--- Task instructions ---
Copy exactly the lines of the data below, beginning with the line with "nach Anhaltspunkten. Carina" and ending with the line with "Louis Vuitton Taigarama". Pictures are to be omitted.
==============================
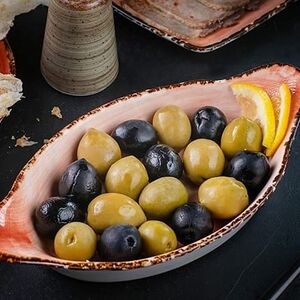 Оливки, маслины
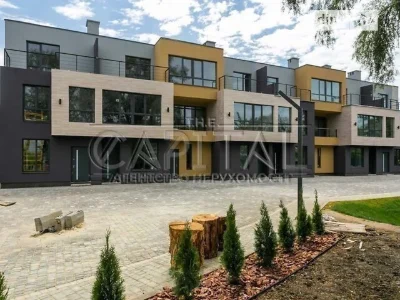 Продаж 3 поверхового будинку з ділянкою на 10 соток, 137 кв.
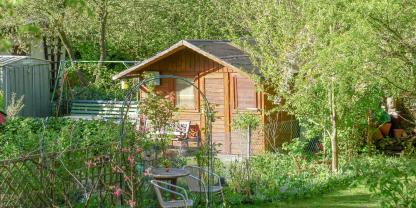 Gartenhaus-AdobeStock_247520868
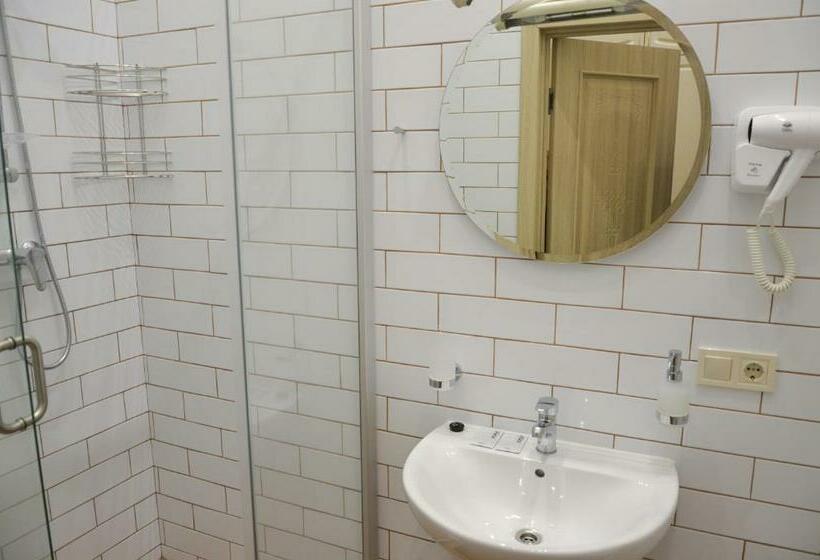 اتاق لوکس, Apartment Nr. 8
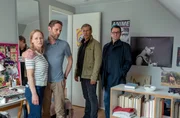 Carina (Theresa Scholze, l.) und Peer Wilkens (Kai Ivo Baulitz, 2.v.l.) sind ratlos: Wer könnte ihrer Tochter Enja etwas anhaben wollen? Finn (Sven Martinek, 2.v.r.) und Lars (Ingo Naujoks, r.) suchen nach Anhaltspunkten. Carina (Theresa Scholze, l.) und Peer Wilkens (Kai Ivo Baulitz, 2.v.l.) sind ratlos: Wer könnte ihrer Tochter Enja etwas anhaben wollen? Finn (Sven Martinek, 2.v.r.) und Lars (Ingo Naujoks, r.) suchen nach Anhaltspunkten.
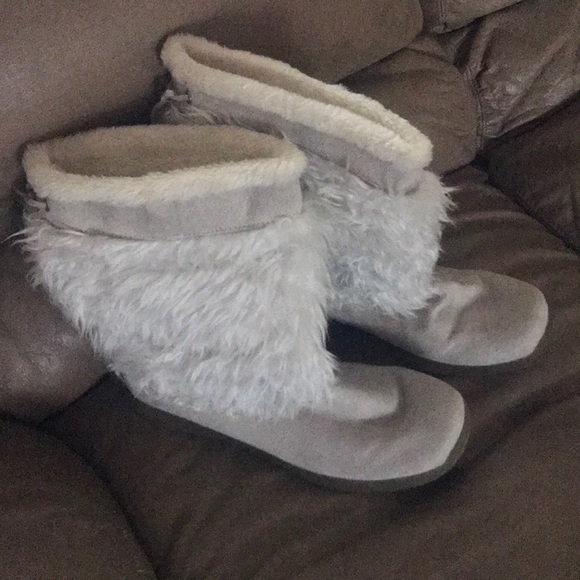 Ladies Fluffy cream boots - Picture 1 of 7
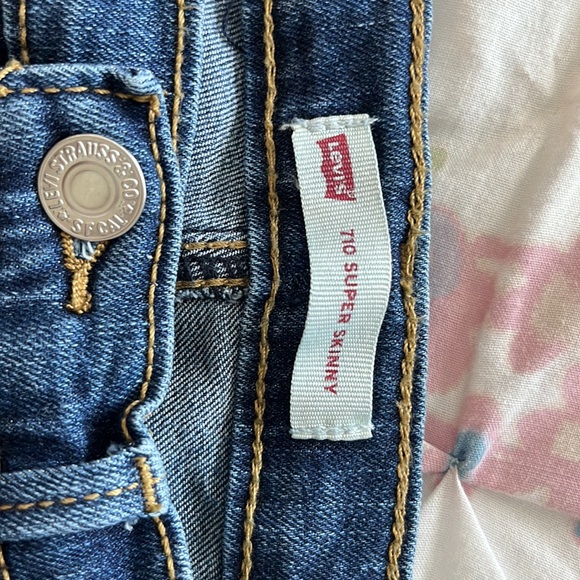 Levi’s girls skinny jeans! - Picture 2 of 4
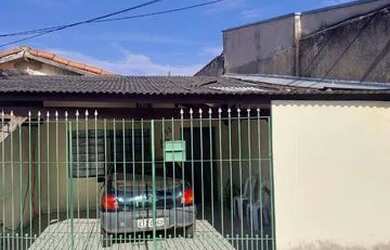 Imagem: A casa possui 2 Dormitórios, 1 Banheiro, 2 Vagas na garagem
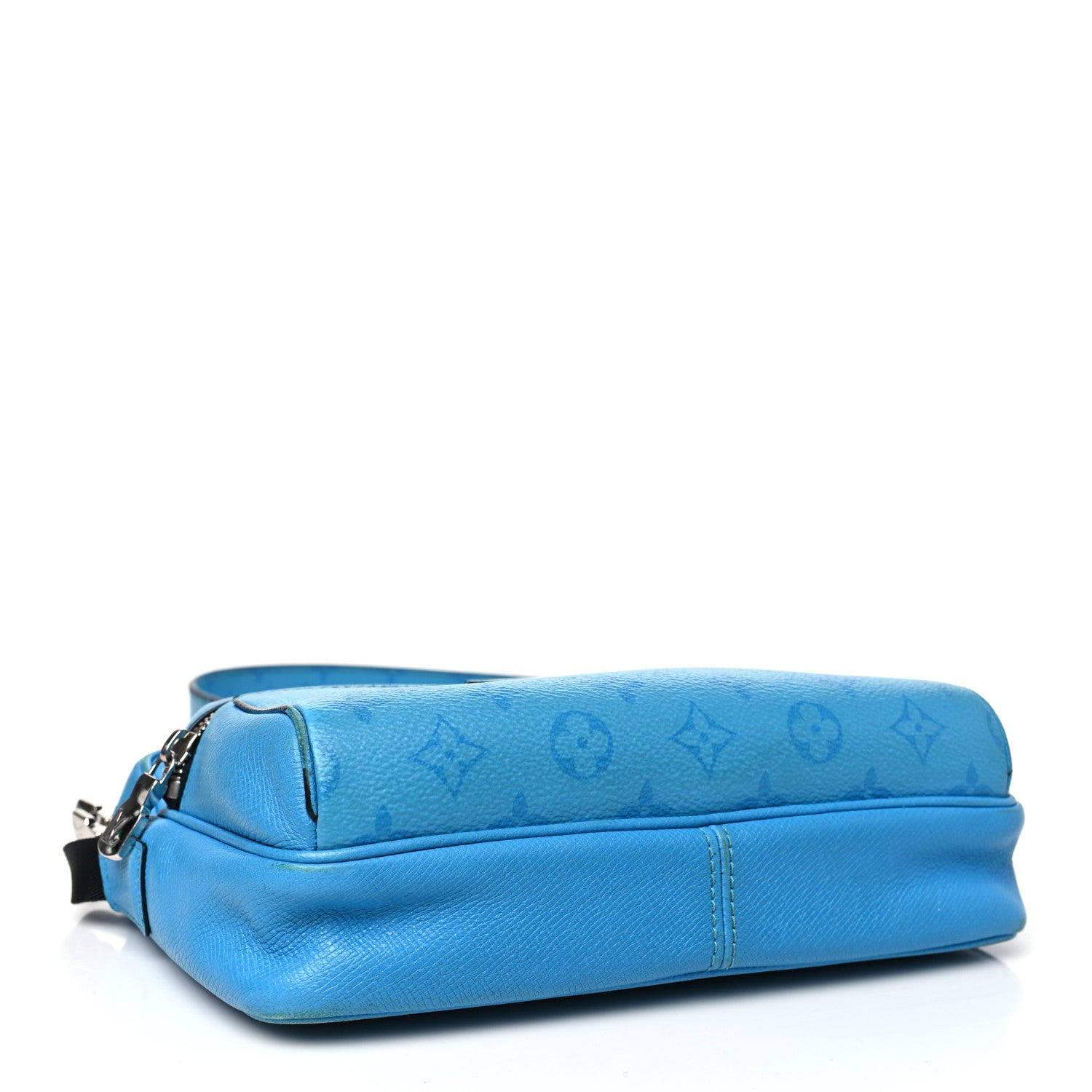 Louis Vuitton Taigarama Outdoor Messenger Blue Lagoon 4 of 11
==============================
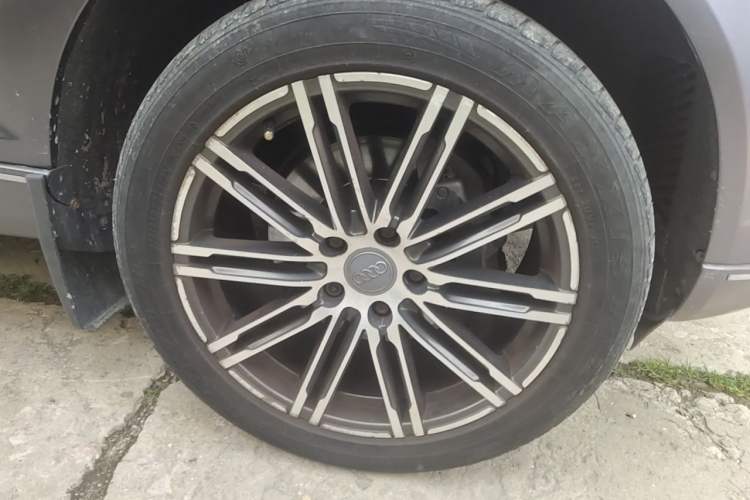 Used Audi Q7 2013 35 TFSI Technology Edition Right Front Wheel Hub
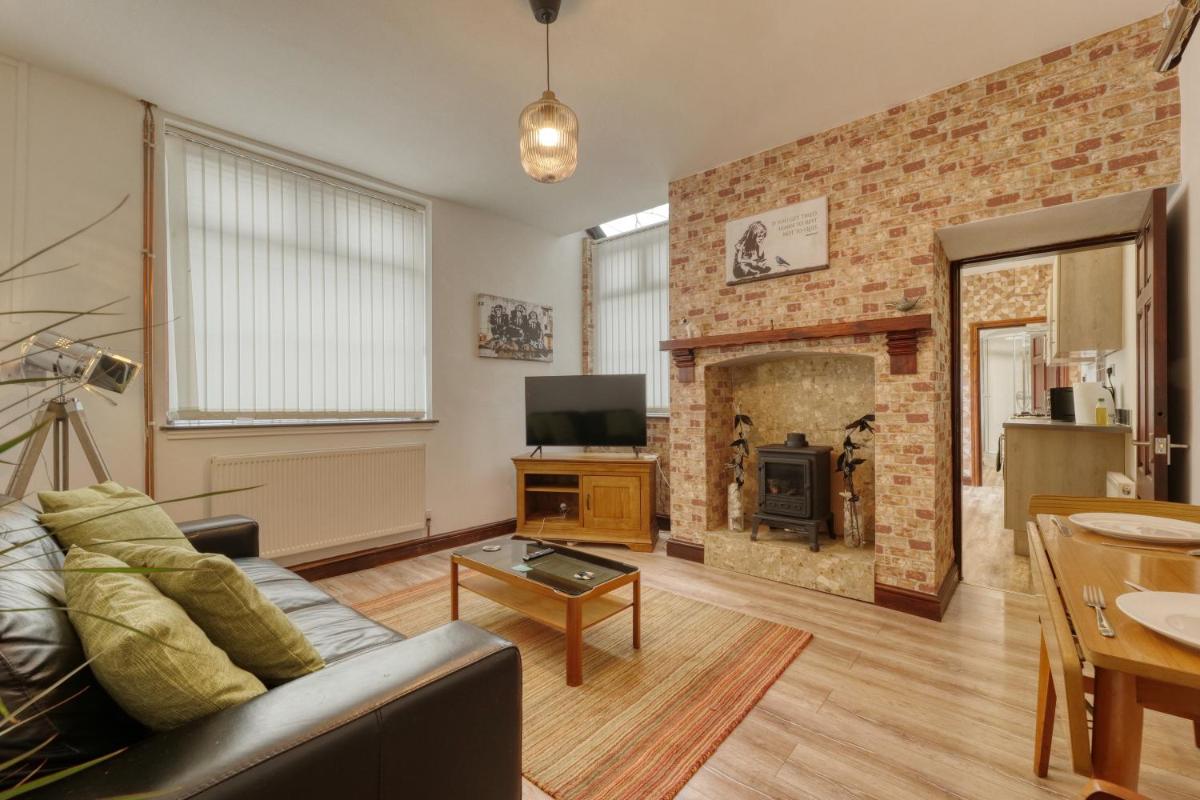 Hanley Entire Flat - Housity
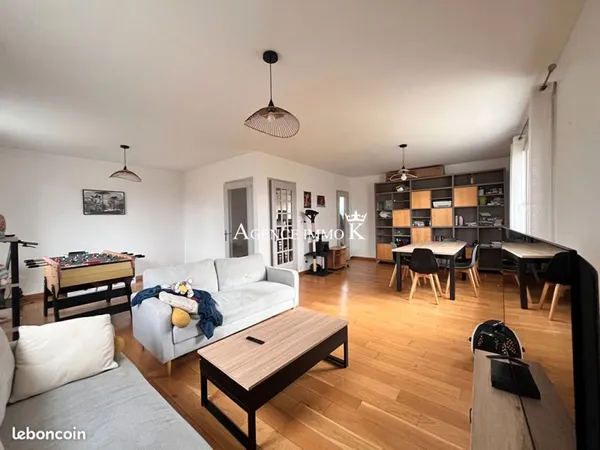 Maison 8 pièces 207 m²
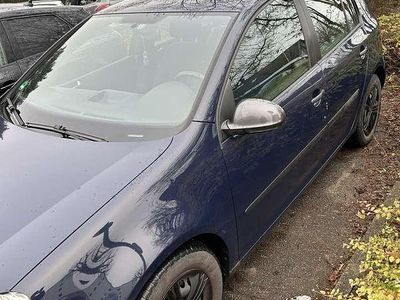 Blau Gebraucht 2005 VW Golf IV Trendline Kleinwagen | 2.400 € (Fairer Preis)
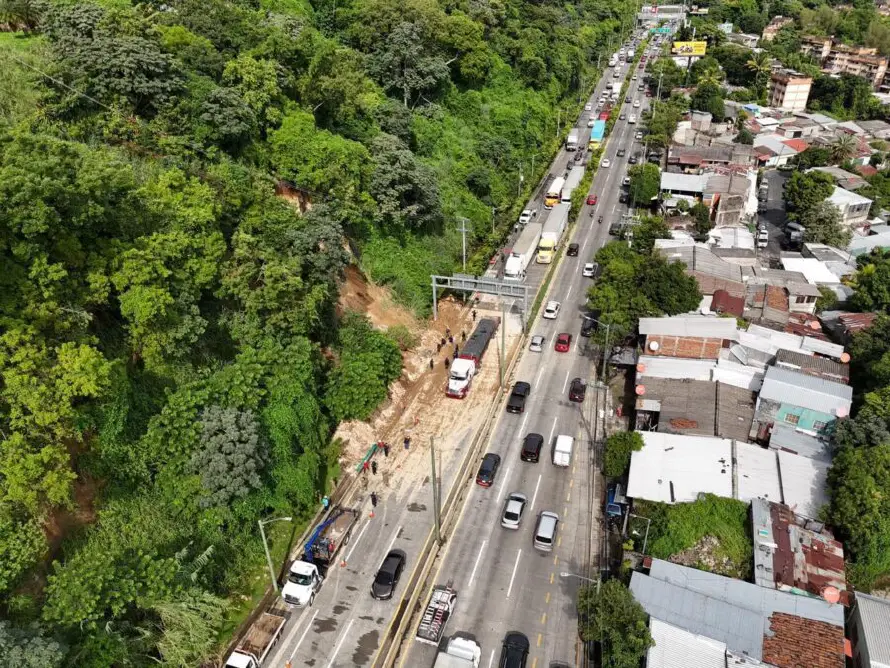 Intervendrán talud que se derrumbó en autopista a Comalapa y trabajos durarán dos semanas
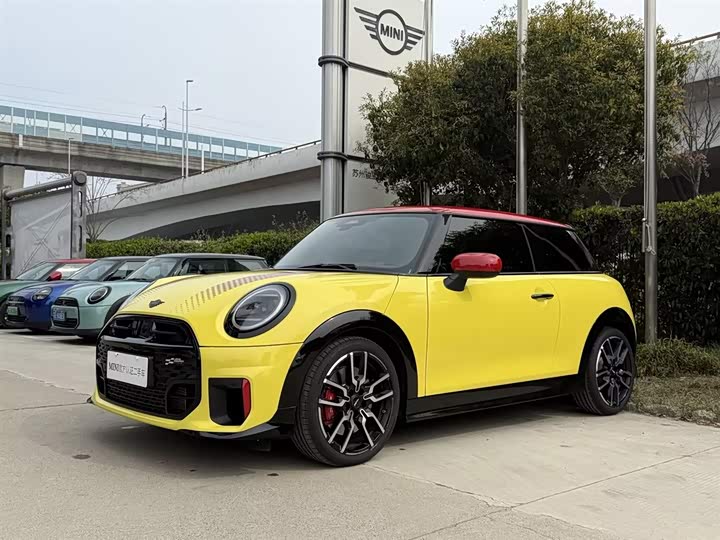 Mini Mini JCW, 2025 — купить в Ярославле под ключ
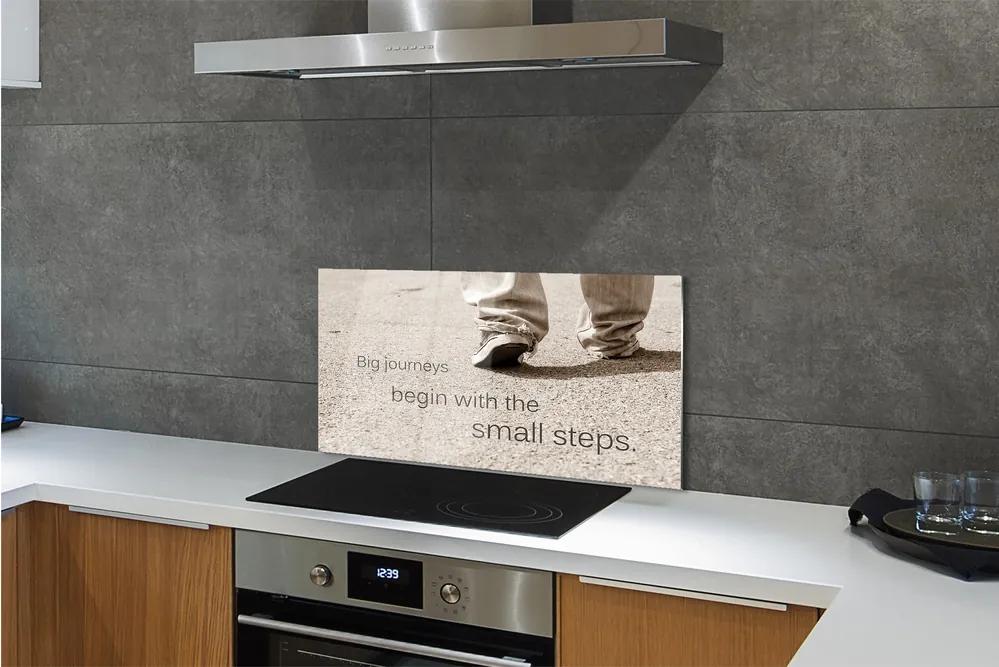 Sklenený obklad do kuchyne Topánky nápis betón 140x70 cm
==============================
--- Response for this exercise ---
 Carina (Theresa Scholze, l.) und Peer Wilkens (Kai Ivo Baulitz, 2.v.l.) sind ratlos: Wer könnte ihrer Tochter Enja etwas anhaben wollen? Finn (Sven Martinek, 2.v.r.) und Lars (Ingo Naujoks, r.) suchen nach Anhaltspunkten. Carina (Theresa Scholze, l.) und Peer Wilkens (Kai Ivo Baulitz, 2.v.l.) sind ratlos: Wer könnte ihrer Tochter Enja etwas anhaben wollen? Finn (Sven Martinek, 2.v.r.) und Lars (Ingo Naujoks, r.) suchen nach Anhaltspunkten.
 Ladies Fluffy cream boots - Picture 1 of 7
 Levi’s girls skinny jeans! - Picture 2 of 4
 Imagem: A casa possui 2 Dormitórios, 1 Banheiro, 2 Vagas na garagem
 Louis Vuitton Taigarama Outdoor Messenger Blue Lagoon 4 of 11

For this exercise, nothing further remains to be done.